If Simon Byrom appeared fatigued at Edinburgh Sheriff Court this morning, then it was because he has spent just over a week living in a self-constructed treehouse, hanging from a branch from a firmly planted tree in Edinburgh’s Cowgate area.

Byrom, founder of the ‘Let There Be Light’ campaign, which takes its name from the motto of the Edinburgh Central Library, stressed the importance of the land to the locals of Edinburgh and their heritage. The public land was originally to be used for the extension of the Central Library, however Dreamvale Properties had acquired the space to build a city hotel.

Dreamvale had taken the hardy campaigner to court this morning to evict him from the tree.

Despite controversy over the planning permission granted to Dreamvale, they hold the title deeds to the property. Their argument that Byrom was breaking several health and safety laws by being on their property in a self-made structure added to their claim to evict Mr Byrom from the tree.
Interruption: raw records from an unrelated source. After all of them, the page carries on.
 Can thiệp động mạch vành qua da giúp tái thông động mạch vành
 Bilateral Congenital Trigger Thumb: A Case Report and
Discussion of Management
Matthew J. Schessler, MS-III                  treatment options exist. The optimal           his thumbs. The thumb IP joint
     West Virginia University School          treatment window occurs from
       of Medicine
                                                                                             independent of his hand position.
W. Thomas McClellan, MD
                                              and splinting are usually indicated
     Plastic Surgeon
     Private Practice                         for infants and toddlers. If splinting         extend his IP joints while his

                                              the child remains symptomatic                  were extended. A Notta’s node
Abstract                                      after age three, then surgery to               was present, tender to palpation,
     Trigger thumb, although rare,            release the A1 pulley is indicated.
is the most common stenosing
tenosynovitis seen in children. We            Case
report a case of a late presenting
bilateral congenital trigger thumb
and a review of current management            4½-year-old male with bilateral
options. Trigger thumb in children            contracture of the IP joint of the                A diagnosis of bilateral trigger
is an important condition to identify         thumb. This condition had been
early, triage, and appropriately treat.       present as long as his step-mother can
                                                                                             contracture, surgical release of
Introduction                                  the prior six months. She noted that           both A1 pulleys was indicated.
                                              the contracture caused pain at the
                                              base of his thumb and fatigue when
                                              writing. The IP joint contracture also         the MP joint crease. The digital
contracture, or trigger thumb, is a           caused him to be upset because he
The Edinburgh Reporter heard only yesterday that Mr Byrom had been hanging upside down in the tree above the footpath, a possible danger to passing pedestrians.

Their main call was that Byrom should not be granted a term of notice before his eviction from the treehouse as his welfare would not be affected: Byrom is a permanent resident in Edinburgh’s Old Town, and his treehouse is not his main home.
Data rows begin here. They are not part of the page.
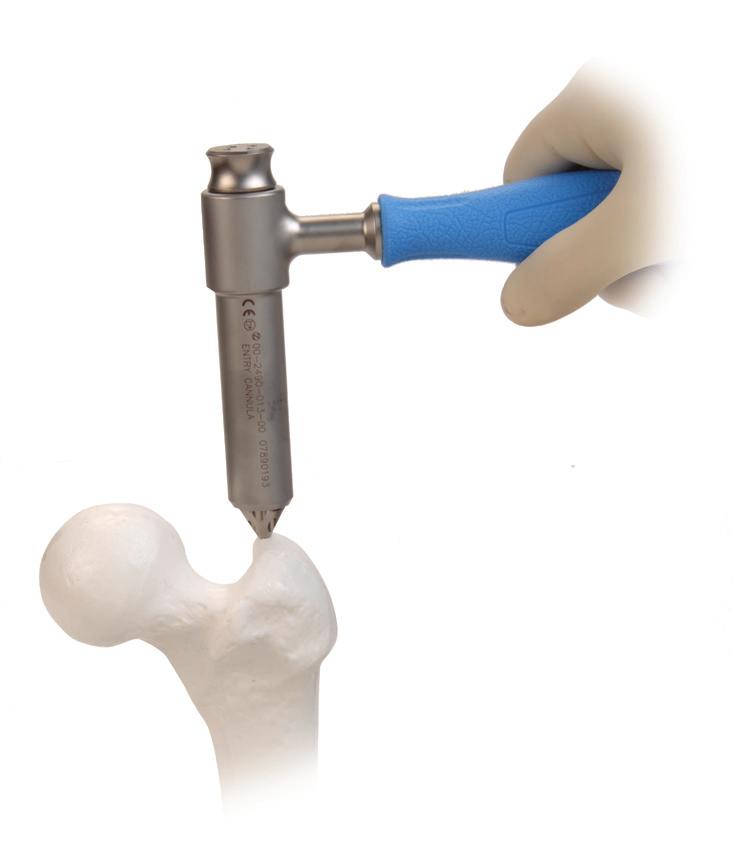 The use of a fracture table can be beneficial in helping to reduce fractures as well as to facilitate intraoperative imaging with a C-arm.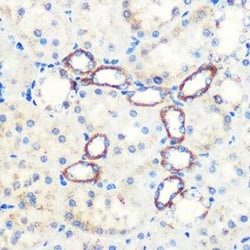 SAV1 Rabbit anti-Human, Mouse, Rat, Polyclonal, Novus Biologicals:Antibodies:Primary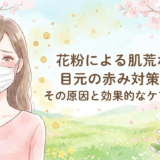 花粉による肌荒れ、目元の赤み対策。その原因と効果的なケアを解説。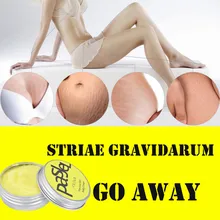 Striae gravidarum восстанавливающий крем с новым узором, удаление крем от растяжек жира шрам striae gravidarum обработки 20g восстанавливающий крем с 920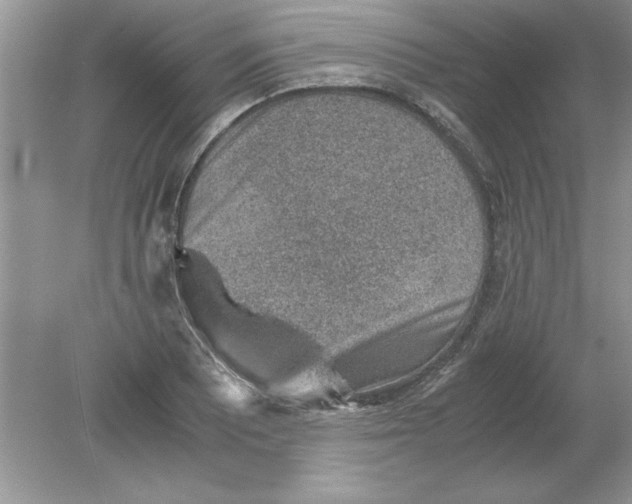 X0000078881081200612042018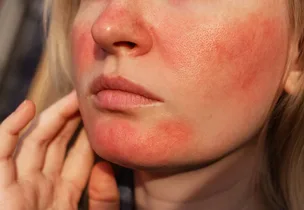 Rosacea & Redness at Luxeria Clinic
Mr Byrom, defeated in court today.

Byrom replied: “Under the European Convention of Human Rights, article 6, I am entitled to a fair trial. The notice of legal action was given to me only four days ago. Literally nailed to the bottom of my tree. I had no time to logistically organise legal support or advice, and so I am here representing myself.
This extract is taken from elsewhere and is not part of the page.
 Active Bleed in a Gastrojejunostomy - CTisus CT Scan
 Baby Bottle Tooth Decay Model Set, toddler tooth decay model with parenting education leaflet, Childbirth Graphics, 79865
“The building of this hotel goes against the work and philanthropy of Andrew Carnegie, founder of the Central Library. The ‘Let There Be Light’ campaign is supported by locals, councillors, MPs and MSPs alike who do not want to see the ‘gentrification’ of our historic city.”

During his defence, he claimed his cause was supported by his social conscience and for the common good. He stressed he had never intimidated or abused police officers, fire wardens, or construction workers during his stay in the tree.

“Several local communities are affected by the controversial hotel development including the recent departure of ‘Access Edinburgh’ the homelessness medical clinic. Environmentally, this structure will add to the pollution already building in this small area”.

Sheriff McGowan, although sympathetic to Byrom’s claims, eventually ruled in favour of Dreamvale. He asked Mr Byrom if he had any legal entitlement to the land he had occupied in the tree. Byrom agreed he did not, however he again stated the social and moral causes for his occupation of the tree.

Sheriff McGowan eventually stated, “This is a court of legality, not morality.” and ruled in favour of the hotel developers.

Anne Duthie, friend to Byrom and supporter of the campaign, stressed the need for an environmental review, saying : “The hearings we had about permission to build on King’s Stables Road didn’t even have an environmental authority present. Environmental implications were the main objections to these buildings being constructed.”

During the court hearing, Andrea, a friend of Byrom’s, kept vigil in the treehouse. He stayed there until the news of Simon’s defeat eventually brought him down to ground level. Just before he left, a postman approached Andrea, handing him a letter addressed ‘To the Man in the Tree, Cowgate, Edinburgh.”

Simon and Anne now want a Judicial Review of the planning permission given to Dreamvale by the City of Edinburgh Council.